I feel like for a great number of people, religion isn't about the credo as dictated by holy books and venerated historical figures so much as it is about your community and what it believes. Except when you say you believe so-and-so because of your religion it suddenly becomes a more powerful line than "because my father thought so."
Edited 2013-11-18 16:34 (UTC)
writerawakened: (Default)

[personal profile] writerawakened 2013-11-18 09:54 pm (UTC)(link)
Yeah, but Walmart is rolling back prices every day! You can't beat that! (almost wrote "Walhart", whoops)

The unfortunate side-effect of many groups established to champion entirely worthy causes is the disdain and disrespect for similarly marginalized groups. It's certainly not an ubiquitous practice, but it's common enough to really bother me. African-American civil rights activists saying something homophobic or sexist, "feminist groups" making racially insensitive comments, etc.

But those are "other people", so it's okay!
lyndis: (Default)

[personal profile] lyndis 2013-11-19 12:12 am (UTC)(link)
I've always shopped at WalMart (everything else around here is overpriced) but I can't imagine signing an anti-store anything and then going to that store. IN RENO. WHERE THERE ARE DEFINITELY OTHER OPTIONS. I just. That's amazingly douchey.
the_geek: (Default)

[personal profile] the_geek 2013-11-19 10:07 am (UTC)(link)
It amazes me to see people talk about how everyone needs their rights, and then they themselves go off to bash other groups which are discriminated against. These sort of things kind of kill my enthusiasm for public action, as so few people really practice what they preach.

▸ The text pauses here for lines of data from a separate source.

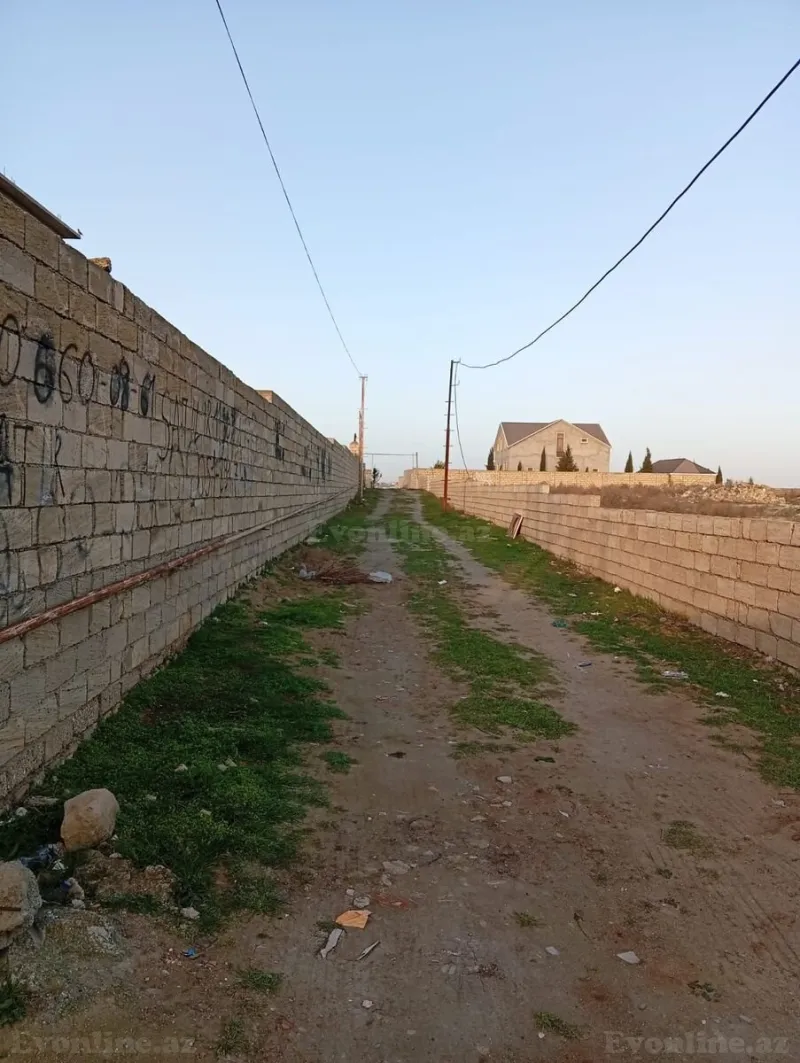 Satılır Torpaq 11 sot Bilgəh - şəkil 5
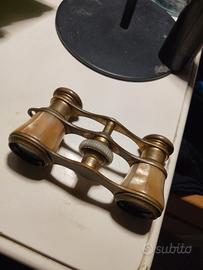 binocolo teatro madreperla "Iris Paris"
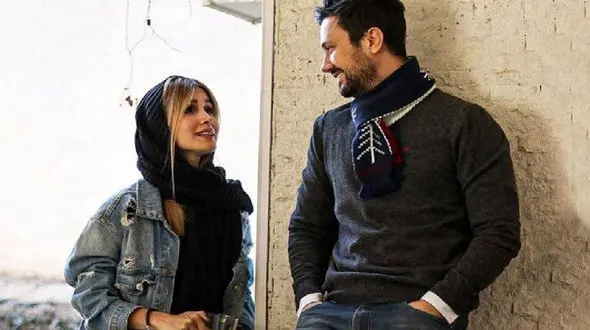 همسر شاهرخ استخری خصوصی ترین عکس هایش را هم پخش کرد! 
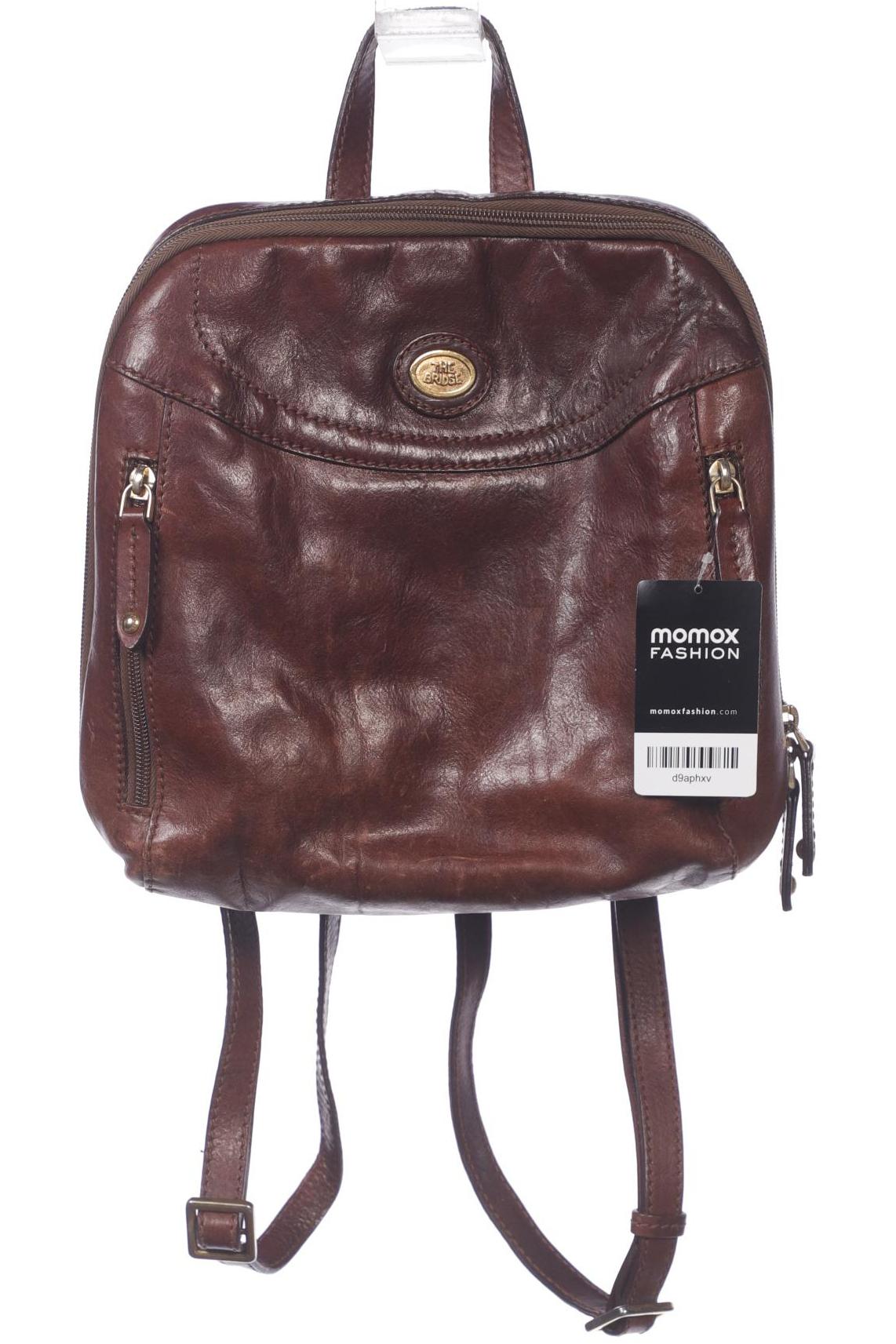 

The Bridge Damen Rucksack, braun, Gr.
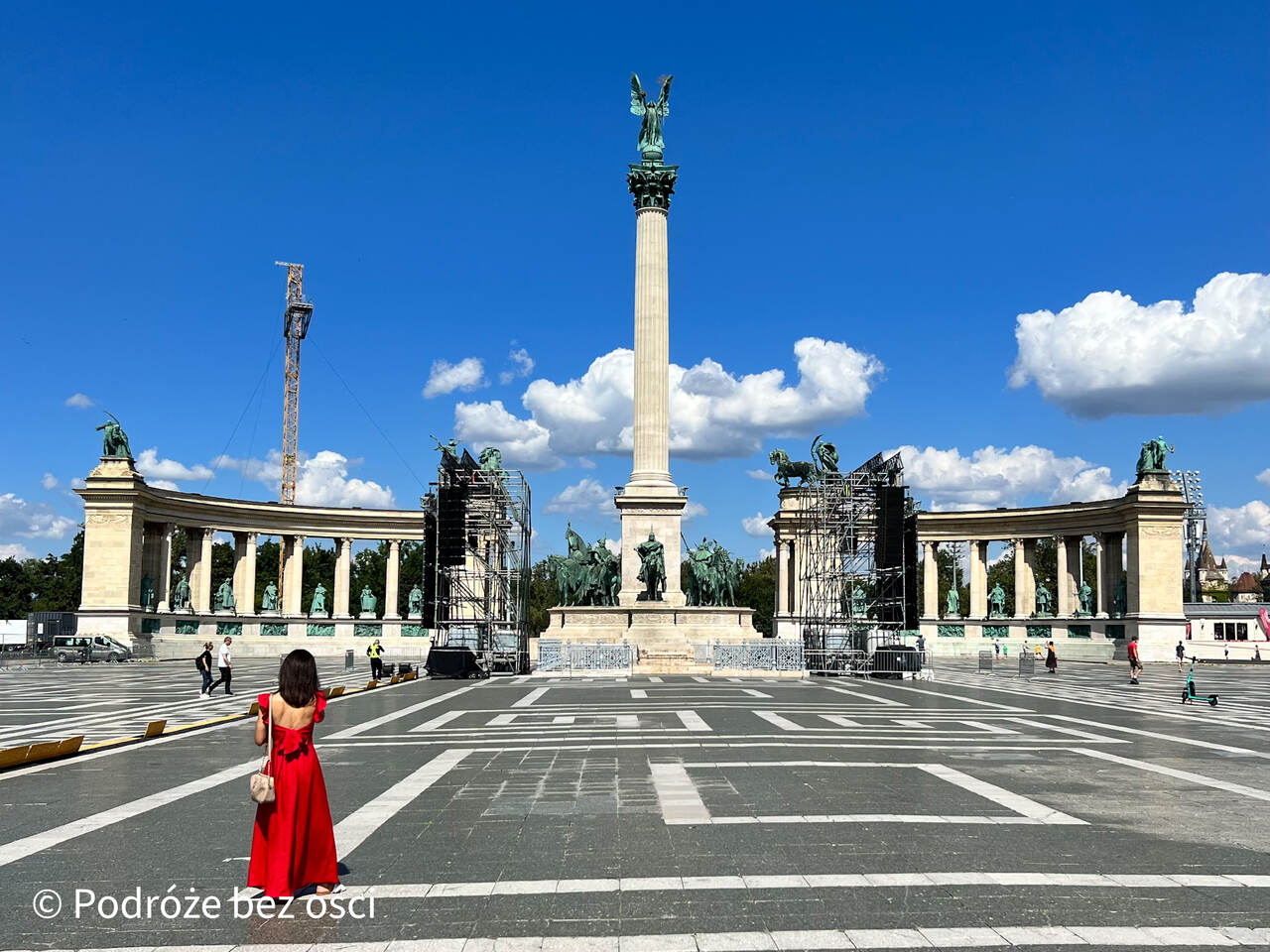 plac bohaterow budapeszt atrakcje co warto zobaczyc zwiedzic w budapeszcie przewodnik mapa wegry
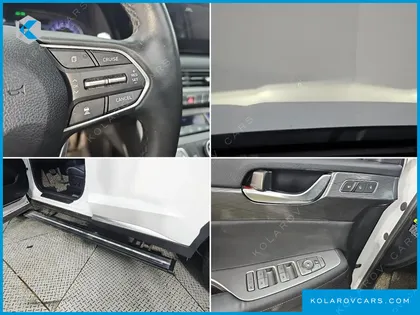 HYUNDAI PALISADE GASOLINE 3.8 4WD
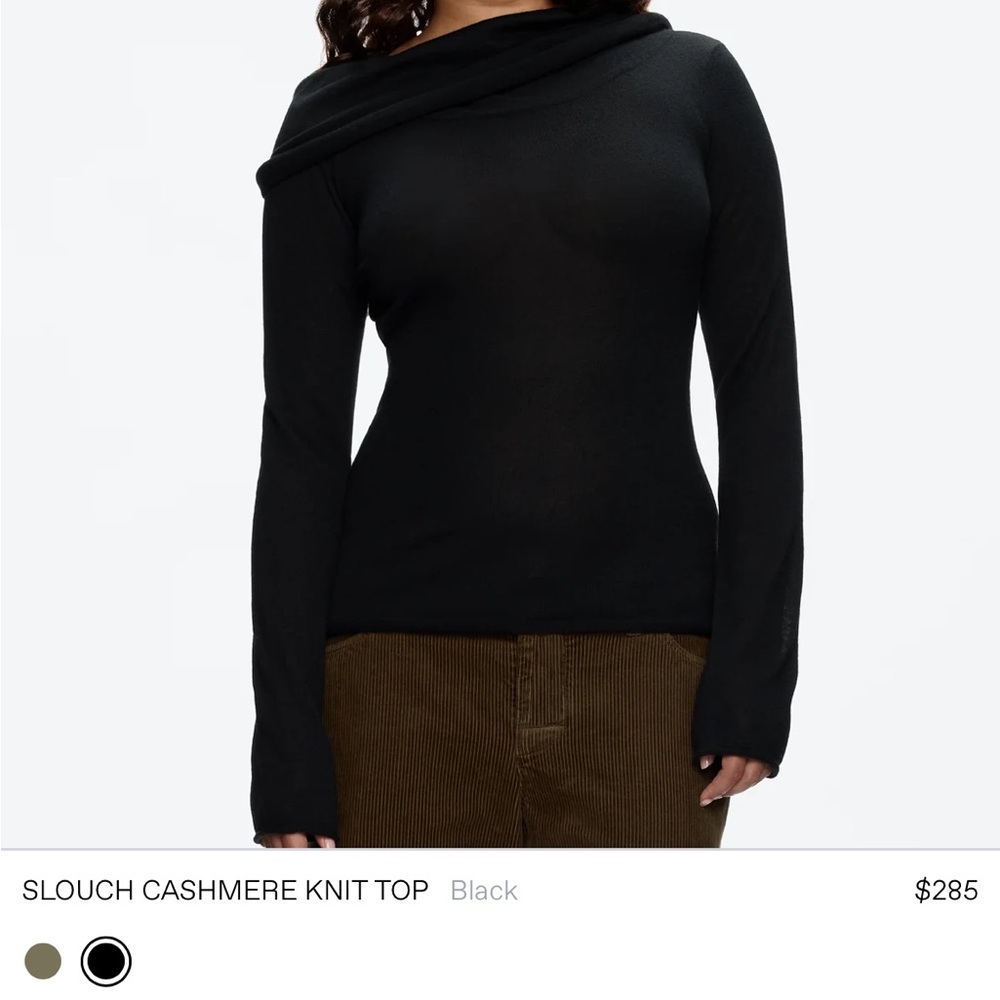 Tankair Cashmere Knit Sweater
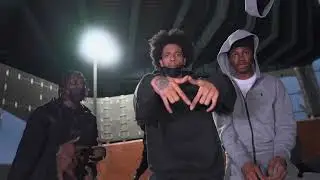 Ron Sleez - Wick B - 7Sleez - Shawny B - Pick A Side !!
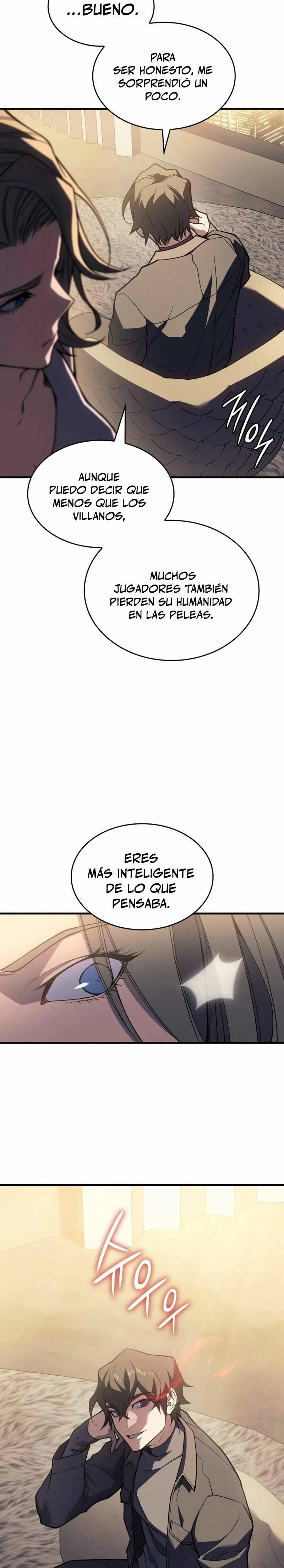 Regresé con el poder del Rey > Capitulo 72 > Page 251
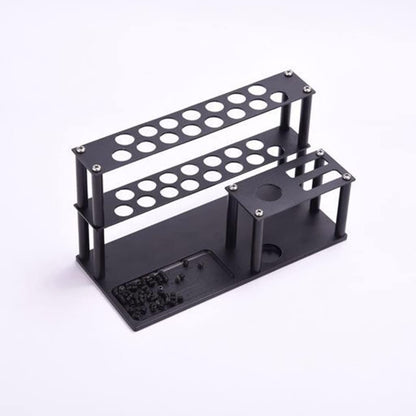  Support De Rangement Pour Tournevis, Porte-couteaux, étagère à Outils De Voiture, Tournevis Pneumatique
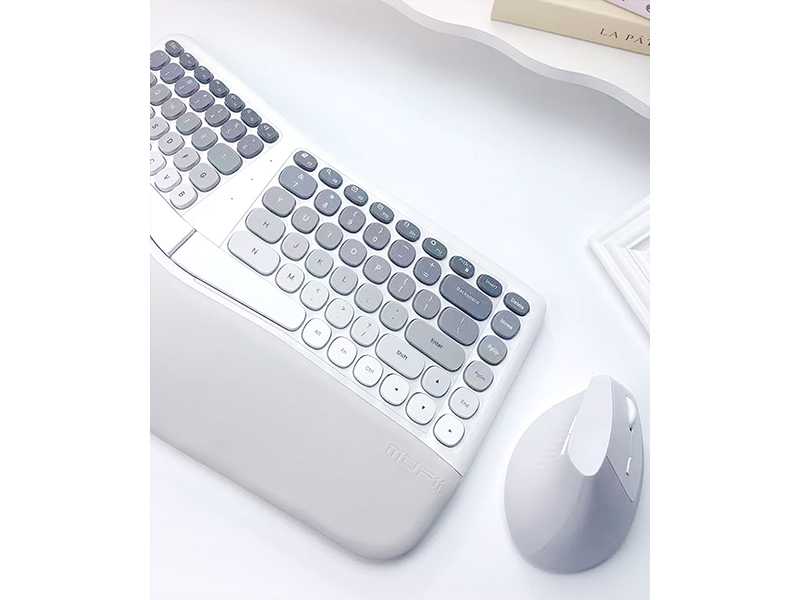 wireless keyboard and mouse combo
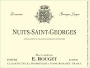 Domaine Georges Jayer Nuits-St-Georges 2018  Front Label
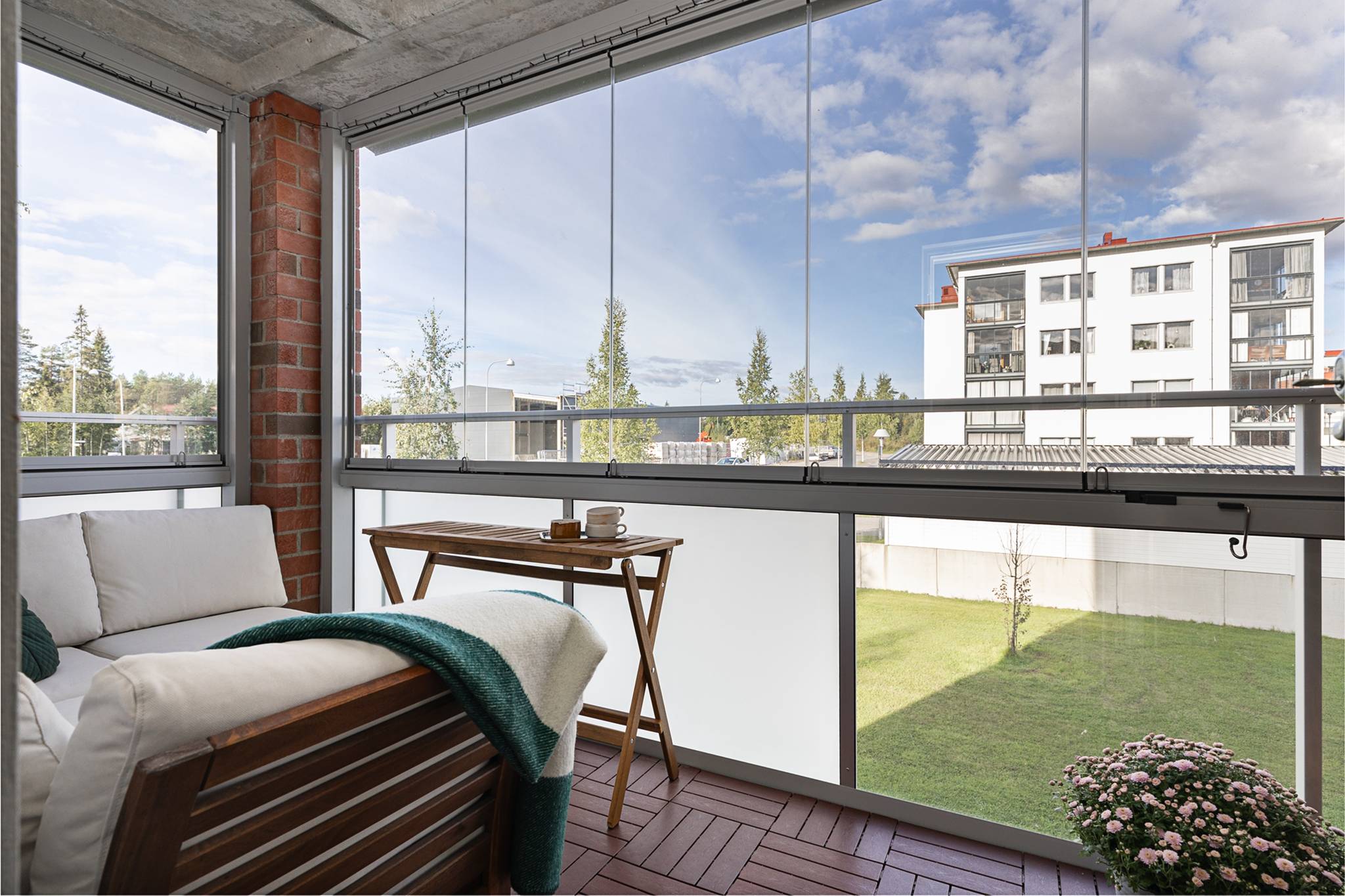 2 rum Lägenhet på Näckens väg 22 Tomtebo Umeå kommun - bild 23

On the subject of Walmart, I remember there being this great big local political debate in my area over Walmart wanting to buy an old QFC building (the QFC itself had only lasted I think a year because there was a Safeway about a block away on the main North-South road) and everyone being against it. Of course, it did eventually get built, but it was just a plain grocery store rather than one of their superstores. Then again, I don't think that the issue was so much about people in my area being against Walmart as they were against the kind of people who generally shop at Walmart. They called my area "Snob Hill" for a reason.
shimizu_hitomi: (Default)

[personal profile] shimizu_hitomi 2013-11-20 05:20 am (UTC)(link)
Speaking of tumblr, stuff like this is what gives me mixed feelings about internet social activism. On one hand, I like that people on the internet actually have these conversations about hypocrisy and intersectionalism (even if they aren't always the most productive conversations). On the other hand, armchair activists galore...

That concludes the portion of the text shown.